OK, I’ve been updated to a new bike and here are some notes:

  1. The recommendations on tires have changed quite a bit. I used to ride 23mm at 110 psi, but now folks are recommending a wider 25mm at 90 psi, apparently it’s about the same footprint on the road and much more stable.
  2. Heart rate monitors. Wow these have really improved, while you can still wear a chest strap (they have essentially infinite battery life), the new Scosche Rhythem+ is just $80 and has a simple rechargeable battery that lasts 8 hours. Way more comfortable to have an arm band than something that is around your chest.
  3. Power meters. DC Rainmaker was right, the Powertap P1 pedals are expensive, but boy are they easy to setup and they just use a standard lithium AAA battery. Setup with the old Garmin 800 was  a snap.
  4. Shimano automatic shifting, well the guys in the peloton don’t need it, but with a new battery and a firmware update. You do need a Windows machine to do this, now you just hit the right paddles to go up and down the gears and the front derailleur shifts automatically for you. Nice and no more cross chaining.
  5. Be careful how you leave your bike, if you accidentally leave the shift lever against a wall, it will drain the battery of the Di2. You are warned 🙂
  6. While most folks still use water bottles, I find the trusty dusty Camelbak Mule still more convenient and probably more aero, plus your bike looks way cooler without cages.

Things left to do:

  1. Shimano D-fly Di2 transmitter.
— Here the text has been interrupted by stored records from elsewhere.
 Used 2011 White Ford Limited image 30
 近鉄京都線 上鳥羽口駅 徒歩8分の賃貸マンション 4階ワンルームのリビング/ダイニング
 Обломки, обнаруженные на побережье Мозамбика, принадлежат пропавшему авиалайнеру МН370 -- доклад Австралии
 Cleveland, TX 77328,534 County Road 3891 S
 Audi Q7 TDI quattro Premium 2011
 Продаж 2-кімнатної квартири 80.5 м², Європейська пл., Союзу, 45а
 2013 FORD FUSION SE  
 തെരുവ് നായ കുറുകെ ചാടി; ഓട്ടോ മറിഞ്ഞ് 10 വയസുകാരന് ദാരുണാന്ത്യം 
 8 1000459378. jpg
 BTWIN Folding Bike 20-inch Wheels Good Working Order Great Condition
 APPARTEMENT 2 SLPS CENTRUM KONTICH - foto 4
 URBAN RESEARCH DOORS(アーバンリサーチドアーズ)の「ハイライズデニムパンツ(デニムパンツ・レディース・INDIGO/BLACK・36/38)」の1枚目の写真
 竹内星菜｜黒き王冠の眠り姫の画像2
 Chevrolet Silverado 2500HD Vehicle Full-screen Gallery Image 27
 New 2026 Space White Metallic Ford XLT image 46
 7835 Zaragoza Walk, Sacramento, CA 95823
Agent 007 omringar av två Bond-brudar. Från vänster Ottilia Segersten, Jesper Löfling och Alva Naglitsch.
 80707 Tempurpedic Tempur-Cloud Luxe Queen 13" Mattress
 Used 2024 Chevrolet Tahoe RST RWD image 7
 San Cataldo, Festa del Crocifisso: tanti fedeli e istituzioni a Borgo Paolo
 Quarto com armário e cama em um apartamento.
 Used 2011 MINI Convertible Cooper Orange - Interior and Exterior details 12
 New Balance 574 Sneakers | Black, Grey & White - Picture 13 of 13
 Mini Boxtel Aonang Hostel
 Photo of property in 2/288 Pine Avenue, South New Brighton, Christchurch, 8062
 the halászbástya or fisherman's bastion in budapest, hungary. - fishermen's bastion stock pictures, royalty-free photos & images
The latest firmware let’s you install wireless transmitter that speaks ANT+ and Bluetooth, so the shifting system can tell your bike computer what gear you are in. It’s a little complicated to get the parts, but Shimano has a good list. The EW-WU101 is the variant that connects at the rear derailleur, you take it from basically hook it inline. This works because the two connectors are on the same side. The EW-WU111 is for internal mounting inside the frame so the connectors are opposite each other. You also need a newer battery the DN101 because it has the firmware to manage this and it needs more memory.
  2. New maps for the Garmin 800, turns out you don’t have to pay for maps, you can use Open Street Maps. It’s a little clumsy, but DC Rainmaker describes it pretty well, someone is running a server which scrapes and reformats Open Street Maps, go to Garmin.openstreetmap.nl and select bicycle map, then choose the segments you want. You will get an email later with the location of a huge file. You then copy the DMG into your SD card in the Garmin directory and you should have it on your Garmin 800 at least.
  3. Cycle computer. You do need a new Garmin like the 810 to actually see the data however. Not surprising since the Garmin 800 is eight years old, but it does work pretty well.

I’m Rich & Co.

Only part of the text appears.